もうやめる。全部やめる。
ステージ上の子どもたちに拍手を送りながら、私は決めた。
もうやめる。全部やめる。
この日は幼稚園2学期最後の登園日、そして年中さんのお遊戯会の日であった。
ほとんどの子に「うさぎ」や「きつね」などの可愛らしい動物役が割り当てられる中、我が娘の役は「雪」。
「雪の妖精」ではなく「雪」。
もはや生き物ですらなくなってしまった我が子がどんな演技を披露してくれるのか。
当日まで寝る前に何度も「雪」が歌う歌や、セリフを披露してくれた。だが肝心の、どんな流れでどの場面で、何を受けてのその演技なのかが質問しても、その答えは全く要領を得ず、詳しいことは何もわからないまま本番を迎えることとなった。
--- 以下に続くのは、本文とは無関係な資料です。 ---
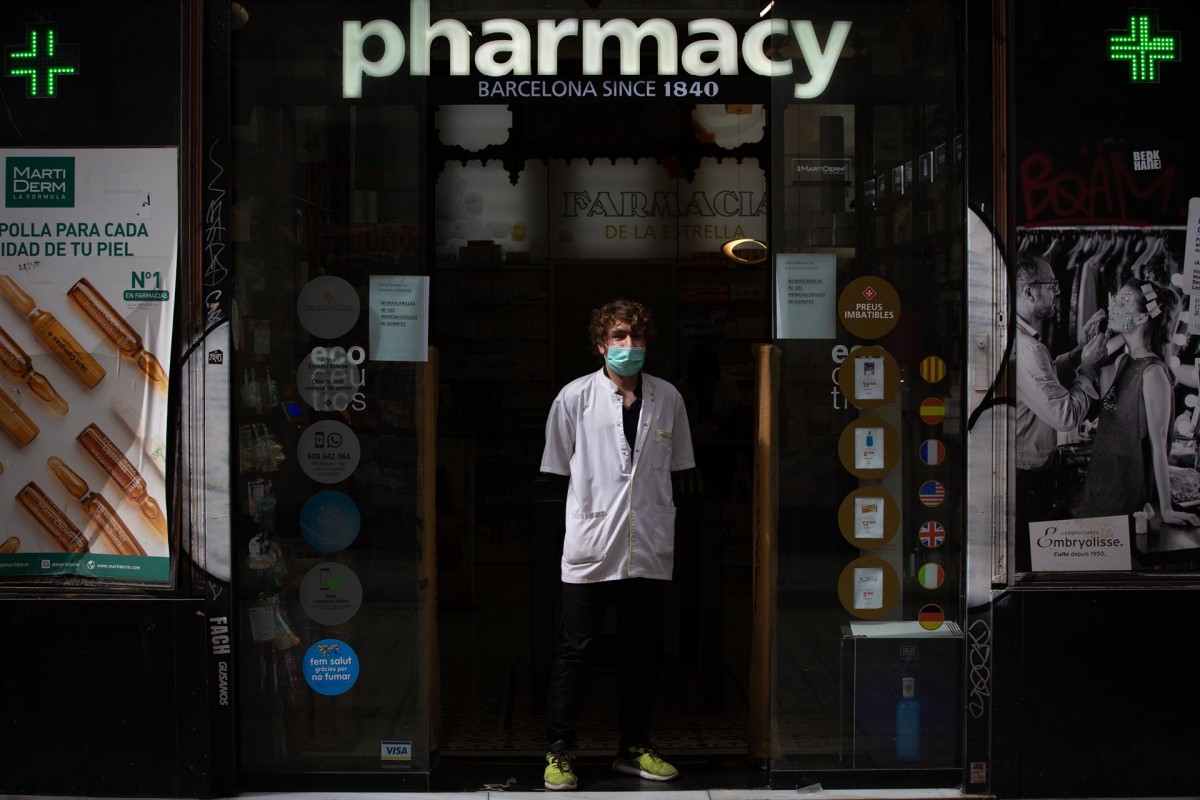Un farmacèutic amb mascareta a Barcelona durant la crisi del coronavirus - David Zorrakino / Europa Press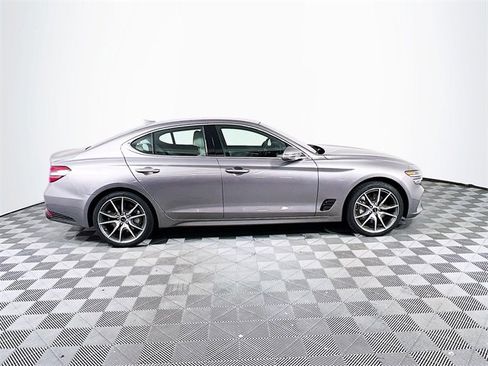 Used 2024 Genesis G70 2.5T image 6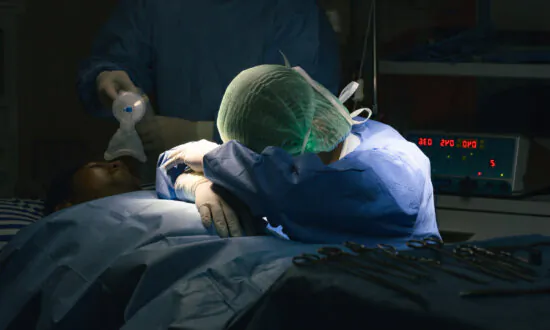 Silence Around Surgical Errors Is Jeopardizing Patients, Experts Say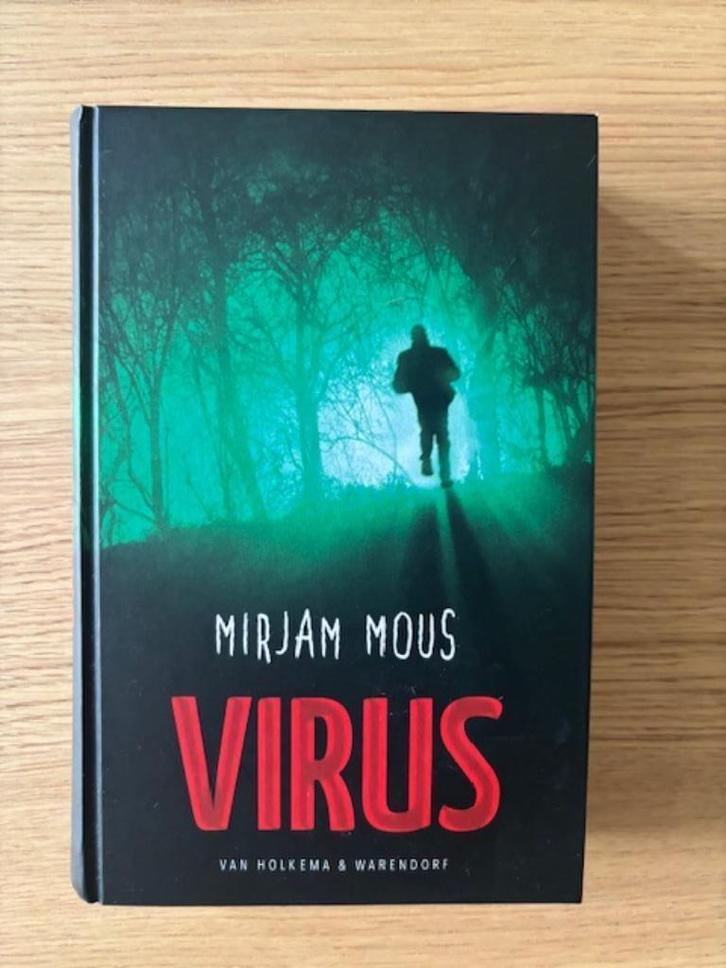 Virus, Boeken, Kinderboeken | Jeugd | 13 jaar en ouder, Zo goed als nieuw, Fictie, Ophalen of Verzenden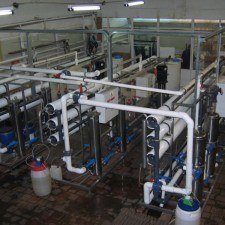 The system of obtaining desalted water for the production of solar cells, Q = 45 m3 / h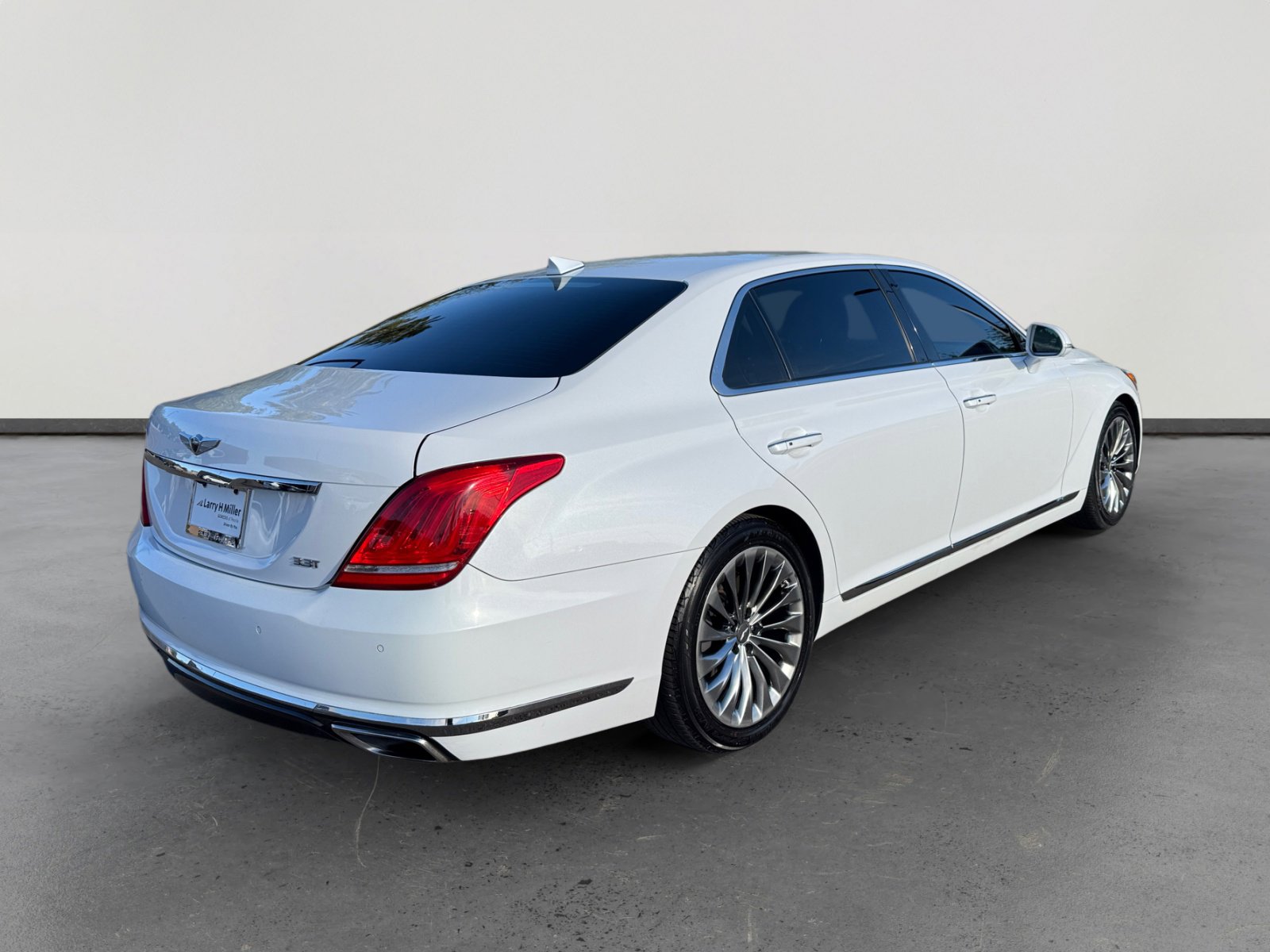 Used 2017 Genesis G90 3.3T Premium image 5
幕が上がると、娘はなんと1番目に舞台袖から登場した。
完全に油断していて変な声が出そうになった。
娘を含む3人の「雪」役の子が出揃うと、何度も何度も聞かせてくれた歌を歌い出した。
笑顔、笑顔、笑顔。
プレ保育の時に母子分離も親子活動もできず、先生の言う、「みんな上手にできましたね!」の「みんな」の中に一度も入れなかった娘。
年少に上がっても、毎朝年長の姉と離れるたびに号泣して、姉のクラスに向かおうとしては先生に抱き止められていた娘。
その子が今、こんなにも笑顔で踊り、歌い、楽しんでいる。
その笑顔を見て、決めた。
この子のためだと思っていたけど、知育もひらがなも数字も全部一旦やめよう。
少なくとも明日から始まる冬休みの間は、「何かができるようになるための何か」を一切やめよう。
賢くあることがこの子を救うと思ってるけど、もうやめる。全部やめる。
手先が器用になれば、言葉を自由に操れるようになれば、〇〇できるようになれば…この子が少しでも生きやすくなる。まだそう信じているけど全部やめる。
年長への進級を控えた2024年12月18日、私は全ての知育教材と子育て本を封印した。
これは、この日から彼女の入学式の日であろう2026年4月6日までの474日間の成長(+その他いろんな思いの丈)を綴る、誰1人、結末を知らない記録である。